Fünf mobile Blitzer für den Bezirk
Grüne fordern Zuständigkeit des Ordnungsamtes für Geschwindigkeitskontrollen

Die Grünen-Fraktion in der BVV fordert, dass neben der Polizei auch die Ordnungsämter Geschwindigkeitskontrollen durchführen dürfen. Grund sind zahlreiche Beschwerden von Bürgern über Raser in ihren Kiezen.

Christoph Wapler hatte den Antrag im Ausschuss für Bürgerdienste, Wirtschafts- und Ordnungsangelegenheiten gestellt und ihn dank der rot-rot-grünen Mehrheit durchgebracht. An das „Go“ durch die Senatsverwaltung knüpften die Grünen die Ausstattung der Ordnungsämter mit entsprechendem Personal und mit fünf mobilen Blitzern, die dann nach Bedarf vor Schulen, Kindertageseinrichtungen und Spielplätzen aufgestellt werden könnten.

Der Antrag löste im Ausschuss eine kontroverse Diskussion aus.

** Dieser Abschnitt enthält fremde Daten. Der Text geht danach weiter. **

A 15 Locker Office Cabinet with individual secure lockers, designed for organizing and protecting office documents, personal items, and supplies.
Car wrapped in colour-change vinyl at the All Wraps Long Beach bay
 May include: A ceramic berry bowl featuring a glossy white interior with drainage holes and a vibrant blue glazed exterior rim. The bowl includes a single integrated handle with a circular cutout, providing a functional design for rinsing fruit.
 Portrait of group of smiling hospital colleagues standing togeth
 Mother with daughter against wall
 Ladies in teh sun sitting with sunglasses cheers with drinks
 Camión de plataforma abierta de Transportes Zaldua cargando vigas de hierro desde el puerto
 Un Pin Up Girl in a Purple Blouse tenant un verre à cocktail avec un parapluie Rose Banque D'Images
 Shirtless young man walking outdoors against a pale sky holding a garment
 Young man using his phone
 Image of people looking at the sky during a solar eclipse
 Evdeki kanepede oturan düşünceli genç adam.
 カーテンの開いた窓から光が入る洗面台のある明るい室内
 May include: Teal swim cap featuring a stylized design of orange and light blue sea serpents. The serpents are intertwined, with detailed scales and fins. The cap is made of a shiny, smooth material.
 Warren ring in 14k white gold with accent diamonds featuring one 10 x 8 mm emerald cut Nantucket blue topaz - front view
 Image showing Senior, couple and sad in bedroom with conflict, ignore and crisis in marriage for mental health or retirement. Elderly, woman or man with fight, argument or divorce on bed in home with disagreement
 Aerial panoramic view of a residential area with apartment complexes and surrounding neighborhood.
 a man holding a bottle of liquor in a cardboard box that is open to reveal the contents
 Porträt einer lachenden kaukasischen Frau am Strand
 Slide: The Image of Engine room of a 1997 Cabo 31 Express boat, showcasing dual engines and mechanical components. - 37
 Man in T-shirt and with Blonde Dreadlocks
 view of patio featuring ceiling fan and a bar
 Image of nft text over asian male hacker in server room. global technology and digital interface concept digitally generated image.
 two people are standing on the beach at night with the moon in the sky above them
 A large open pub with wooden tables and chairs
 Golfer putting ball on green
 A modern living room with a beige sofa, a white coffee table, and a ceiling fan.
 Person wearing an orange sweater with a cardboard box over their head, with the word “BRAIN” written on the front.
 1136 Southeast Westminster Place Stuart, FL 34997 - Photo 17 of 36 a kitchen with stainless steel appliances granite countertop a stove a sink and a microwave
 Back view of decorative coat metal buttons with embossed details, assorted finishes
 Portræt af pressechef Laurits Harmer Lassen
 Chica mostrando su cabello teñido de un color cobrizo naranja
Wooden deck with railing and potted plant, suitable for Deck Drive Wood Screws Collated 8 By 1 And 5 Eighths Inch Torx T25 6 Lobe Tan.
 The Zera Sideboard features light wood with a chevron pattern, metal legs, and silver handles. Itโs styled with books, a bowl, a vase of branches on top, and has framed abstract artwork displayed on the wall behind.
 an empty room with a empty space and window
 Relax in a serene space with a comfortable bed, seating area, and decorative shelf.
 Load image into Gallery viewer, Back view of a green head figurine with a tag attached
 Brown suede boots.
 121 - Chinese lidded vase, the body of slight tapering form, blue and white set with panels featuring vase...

Zwar war sich das Gremium einig, dass die Anzahl der Geschwindigkeitskontrollen der Polizei seit der Zentralisierung bei der „Direktion Einsatz“ merklich zurückgegangen sei. Doch Stadtrat und Leiter des Ordnungsamtes, Arne Herz (CDU), meldete dennoch Bedenken an. Zum einen würde es sicher Jahre dauern, bis sich geeignetes Personal fände, zum anderen befürchte er juristische Steilvorlagen für streitbare Raser, wenn die Standorte der Blitzer künftig von der BVV festgelegt würden. „Ich möchte Situationen vermeiden, in denen uns Willkür unterstellt wird“, so Herz. Eine Doppelzuständigkeit würde die Lage erfahrungsgemäß eher verschlechtern, weshalb sich unter anderem auch alle Ordnungsstadträte bei der jüngsten Zusammenkunft gegen bezirkseigene Blitzer ausgesprochen hätten. Aus politischer und pragmatischer Sicht habe er Verständnis für den Antrag, er halte es aber für sinnvoller, im Zuge der Polizeireform beim Senat auf die Regionalisierung der Kontrollen durch die Polizei du drängen, so wie es vor der Zentralisierung gewesen sei.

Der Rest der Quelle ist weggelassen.